こんなチラシを見かけたら、チェックする時期が来たと思うようにすると良いかもれません。
ヤマトシロアリの場合、水を運搬する能力が著しく低いので、湿った木に営巣する必要があります。
逆を返せば、水分の無い硬い木材は侵食しないのです。(他のシロアリは別です)
つまり、住宅の木材が湿っていなければ、防蟻処理を更新しなくても被害は受けにくいということです。
住宅営業の立場からは、不確実なコメントはできない為、「5年に一度はやったほうがいいです」ということになりますが、ヤマトシロアリに関しては微妙な見解です。
ヤマトシロアリの判別方法
4~5月に、アリの羽と思われるものを発見したら、ヤマトシロアリの可能性があります。
近くにアリがいないか探してみてください。
黒アリの羽である場合もありますので、蟻本体を探す必要があります。
ヤマトシロアリは、頭と胴体の間にオレンジ色の部分があるのが特徴です。
マフラーをしているような感じで、頭の下に黄色っぽい部分があればヤマトシロアリで間違いないと思います。
羽蟻の飛行距離は、約100mの範囲内と言われます。
つまり、羽が落ちていた場所の近くには、2~3年かけて成長したヤマトシロアリの巣があるという事です。
ヤマトシロアリ対策
ヤマトシロアリは、高温に弱い蟻で、巣を離れるのは命がけの行動になります。
実は、とても弱い種類のシロアリなので、予防自体はそれほど難しくありません。
家の周囲には、腐った木材や土(腐葉土等)を置かないようにするのが基本です。
自分で水を運ぶことがでないアリですから、乾いた木材にたどり着いても巣食う前に自分が死んでしまいます。
暑い日には、既に死んでいる個体が落ちていることもあります。
実際、ヤマトシロアリを捕獲して虫かご等に入れてみると、暑さや乾燥ですぐに死んでしまいます。
それでも晴れの日に飛び立つ理由は、継続的に湿気の高い場所を感知するためとも考えられています。

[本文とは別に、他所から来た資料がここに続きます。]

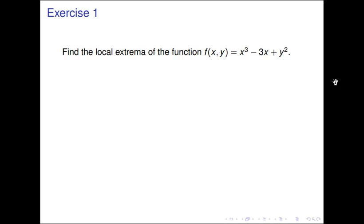In this section you learned that you're going to find local mins and local maxes by finding the critical points. One of the places you'll find critical points is when the gradient is 0. The other place is when the gradient is not defined, which won't be an issue here since we're dealing with a polynomial in x and y.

イエシロアリの場合、硬い木材でも侵食できますが、ヤマトシロアリについては正しい知識を持って対処すれば、それほど怖い相手ではありません。
つまり、ベタ基礎による施工がされていて、木材の腐食がない状態の家では、それほど心配する必要がないシロアリなのです。
ただし、古い家や、基礎の下に土が露出しているような住宅は、一定期間ごとに防蟻処理をしておいた方が安心です。
外断熱工法・蓄熱工法に注意!
省エネ住宅の人気に伴って、外断熱工法・蓄熱工法を採用する建築物が増加しています。
この工法の問題点は、土台・床下に防腐防蟻薬剤が散布されると、居住スペースが薬剤の成分に直接さらされてしまう点です。
高気密な住宅は、薬剤が人体に与える影響が大きくなるのです。
この為、使用する防腐防蟻剤には、揮発性が低く、人体への影響が軽微なものを選択しなければいけません。
しかし、それって「効き目が薄い薬剤」ということにもつながりますよね。
イエシロアリの分布地域だったとしても、まずはこの点を考慮しなければいけないという事を忘れないでください。
自分たちの健康を害してしまっては本末転倒ですから、最善の対策を模索する必要があります。
防蟻処理と合わせた対策
関東地方でベタ基礎施工の建築物の場合、防蟻処理の施工は10年程度まで先送りしても問題がないケースが多いです。
木材が腐食しない限り、ヤマトシロアリによる被害リスクは少ないからです。
防蟻処理による人体への健康被害のリスクの方が高い場合もあると思うので、自己対策によって予防できるのであれば、それに越したことはないですよね。
最近では、シロアリの巣を壊滅する人口餌も開発されていますので、このような商品を利用するのも一考です。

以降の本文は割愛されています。